- **To do**
When you return the lines below, go from the first through the line with "dark chestnut haired", keep them exact, and leave out every picture.

(Stored data entries)
◆ ◆ ◆
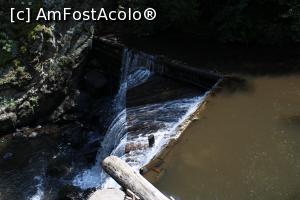 [P29] Eftimie Murgu, Morile de apă de la Rudăria, Moara Viloanea, iazul și barajul ei » foto by mprofeanu
 - 
<span class="allrVoted glyphicon glyphicon-heart hidden" id="av1181368"></span>
<a class="m-l-10 hidden" id="sv1181368" onclick="voting_Foto_DelVot(,1181368,15101)" role="button">șterge vot <span class="glyphicon glyphicon-remove"></span></a>
<a id="v91181368" class=" c-red"  onclick="voting_Foto_SetVot(1181368)" role="button"><span class="glyphicon glyphicon-heart-empty"></span> <b>LIKE</b> = Votează poza</a> <img class="hidden"  id="f1181368W9" src="/imagini/loader.gif" border="0" /><span class="AjErrMes hidden" id="e1181368ErM"></span>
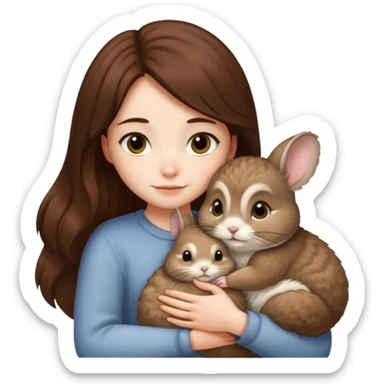 dark chestnut haired girl hugging british golden chinchilla sticker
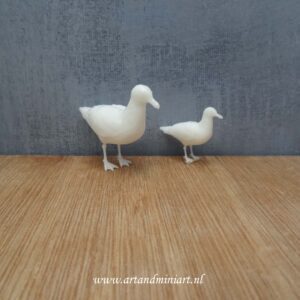 meeuw, vogel , zeevogel, poppenhuis, miniaturen, koksmeeuw, zilvermeeuw, meeuw, resin 3d print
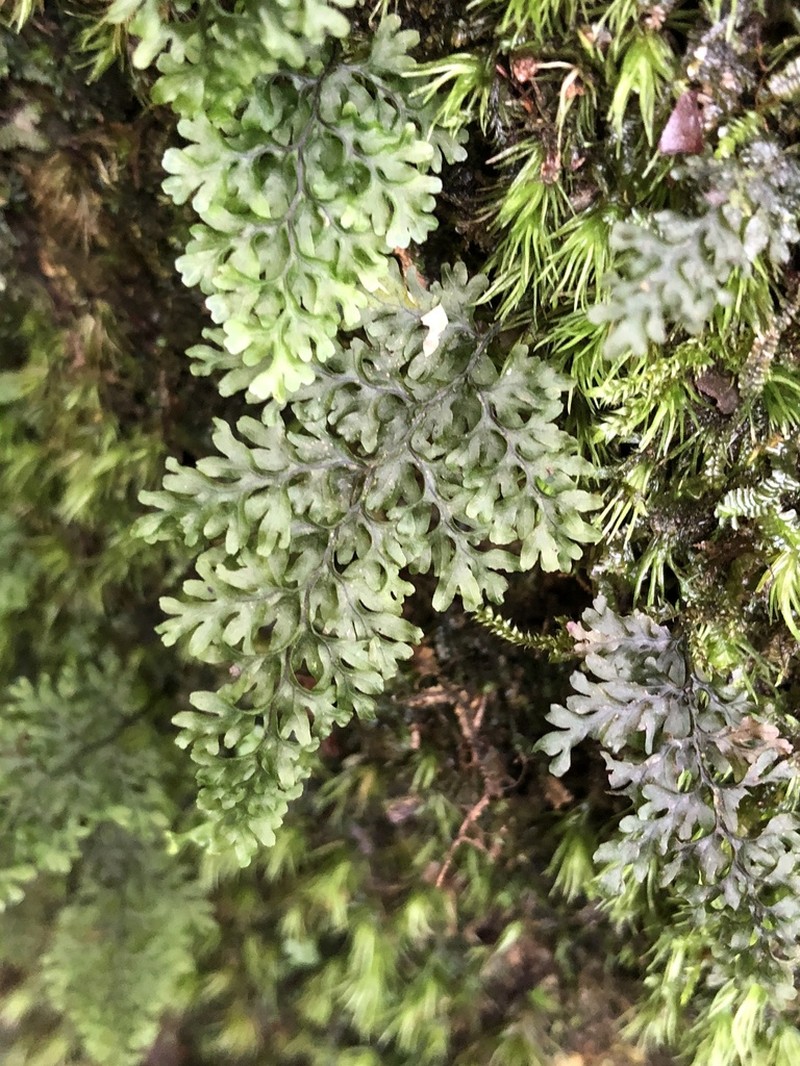 Hymenophyllum tenellum photo 4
◆ ◆ ◆
- **Exercise solution**
 [P29] Eftimie Murgu, Morile de apă de la Rudăria, Moara Viloanea, iazul și barajul ei » foto by mprofeanu
 - 
<span class="allrVoted glyphicon glyphicon-heart hidden" id="av1181368"></span>
<a class="m-l-10 hidden" id="sv1181368" onclick="voting_Foto_DelVot(,1181368,15101)" role="button">șterge vot <span class="glyphicon glyphicon-remove"></span></a>
<a id="v91181368" class=" c-red"  onclick="voting_Foto_SetVot(1181368)" role="button"><span class="glyphicon glyphicon-heart-empty"></span> <b>LIKE</b> = Votează poza</a> <img class="hidden"  id="f1181368W9" src="/imagini/loader.gif" border="0" /><span class="AjErrMes hidden" id="e1181368ErM"></span>
 dark chestnut haired girl hugging british golden chinchilla sticker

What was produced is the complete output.